I know it was made in 2008, but I'm really enjoying Far Cry 2 at the moment, which is about as far removed from an on-rails shooter as you can get.


Far Cry 2 is by a fair distance the best most recent game I've played in some time - it's the only one I keep coming back to. A lot of people found it repetitive (shooting up guardposts etc.), but I don't approach it like that. I like to get around the map stirring up as little heat as possible, and get more fun out of the tension of sneaking past. Before I start any mission, I pull out my map and plan my route - which bits by bus, which by river, which gaps between guardposts, etc. And for the missions themselves, I like to tactically dominate them - take out snipers from distance, find high ground (often ex-sniper posts), burn the place out if suitable, then mop up. If I get hit even once, or seen when I didn't mean to be, I consider it almost a failure. Crysis was remarkably poor by comparison - the suit completely ruins gameplay for people who like to sneak, because it removes the stress.


Far Cry 2 really was a glorious experiment in immersion—for some it seemed to fail spectacularly, and for others (like you and I) it seemed to hit some nerve in just the right way.

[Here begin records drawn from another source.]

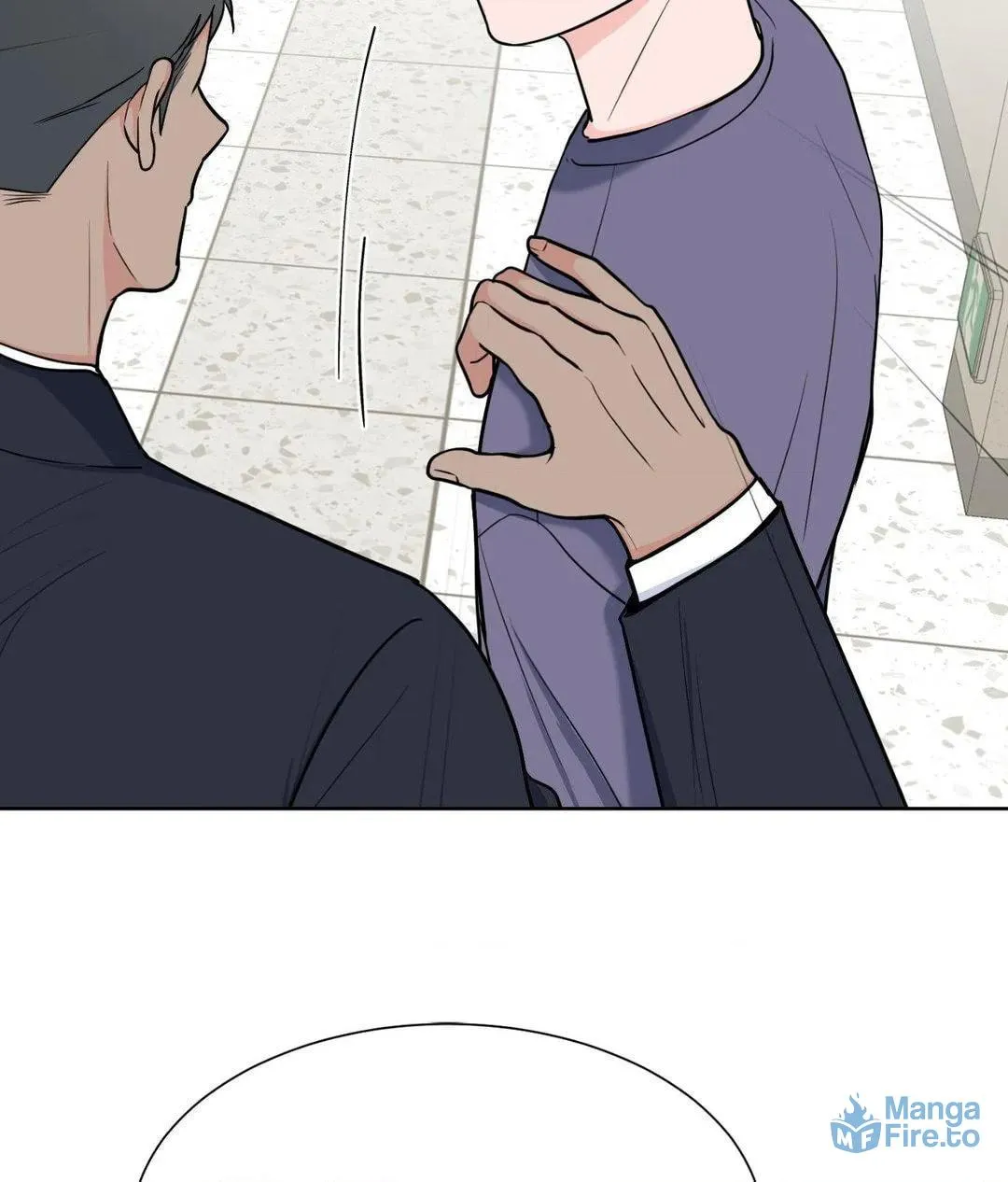 Love Without Borders [Official] Chapter 49 page 33 - 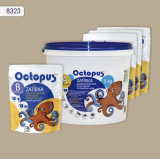 Двухкомпонентная эпоксидная затирка Octopus Zatirka цвет 8323, 5 кг (8323-5)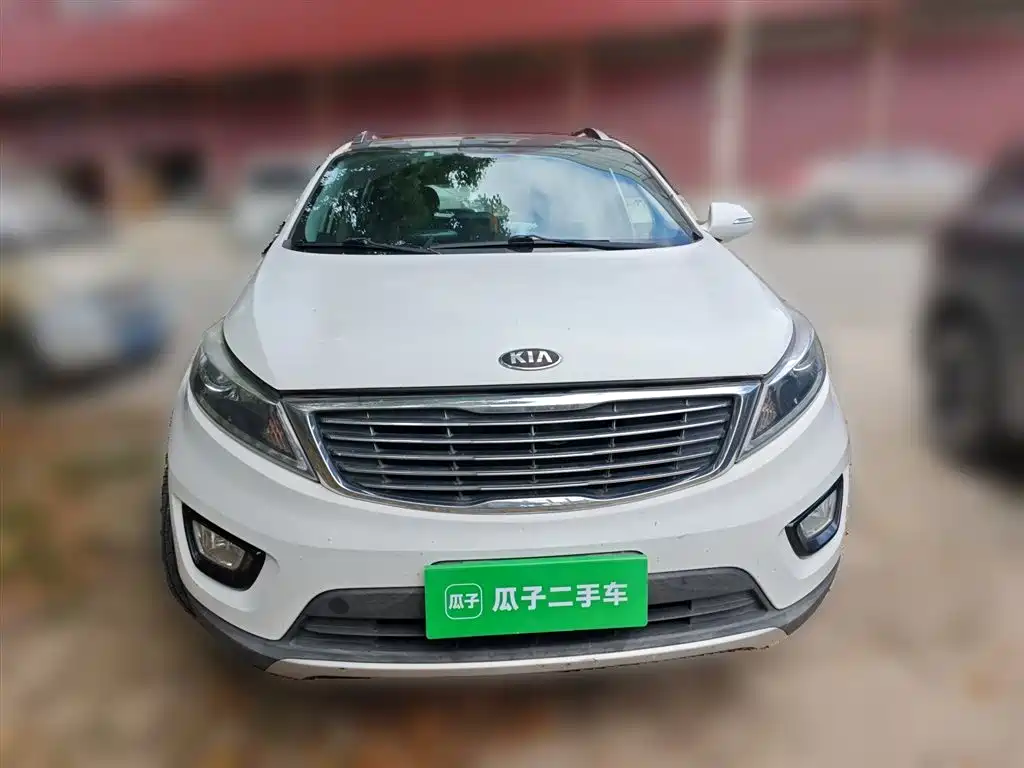 Kia Sportage 2015 2.0L Automatic 2WD DLX фото 24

I play the game very similarly to you. Have you tried the self—imposed permadeath route? I did one play that way—didn't end up beating it, of course—and it was a hell of an experience.


I try to play most FPS games as if death is permanent, though I don't make such a rule. Rather, I simply don't enjoy the kamikaze rush that pays off maybe 80-95% of the time but looks like something out of a Hollywood action movie (this seems more the style where Crysis was targeted), but rather the reasoned, considered approach that works out 99.5% or higher (and might be a realistic approach if one were actually living in the game universe). Immersion just doesn't work for me if I can't do that.

So I don't like CoD and other linear shooters which present you with a series of scripted shooting galleries and a quota of targets to hit before allowing progress (it's utterly mindless); nor do I like (any more) the Quake / Doom style of horror "surprises", where long straight corridors and shadowy alcoves are near certain to contain unpleasant ambushes (it almost punishes foresight); and nor do I like Half-Life 2 and its episodes, which do not reward exploration or observation - every possible "bad outcome" is blatantly and repeatedly telegraphed, and almost every interesting alcove turns out to actually be the way forward because the obvious way forward turns out to be blocked: HL2+ are over-designed.

With more and more games focused towards consoles, lacking first person (I would have enjoyed GTA4 more if it were first person outside vehicles), and with "crouch in cover mode" features activated by dedicated controls (I thought ducking in and out of cover was part of the challenge?), I sometimes fear the depth I seek is getting harder to find. But I'm not sure. Games like the Thief series, Deus Ex, Far Cry 1 & 2, and modern RPGs like Oblivion and Fallout, are probably actually coming out with roughly the same regularity as always, just that memory compresses them.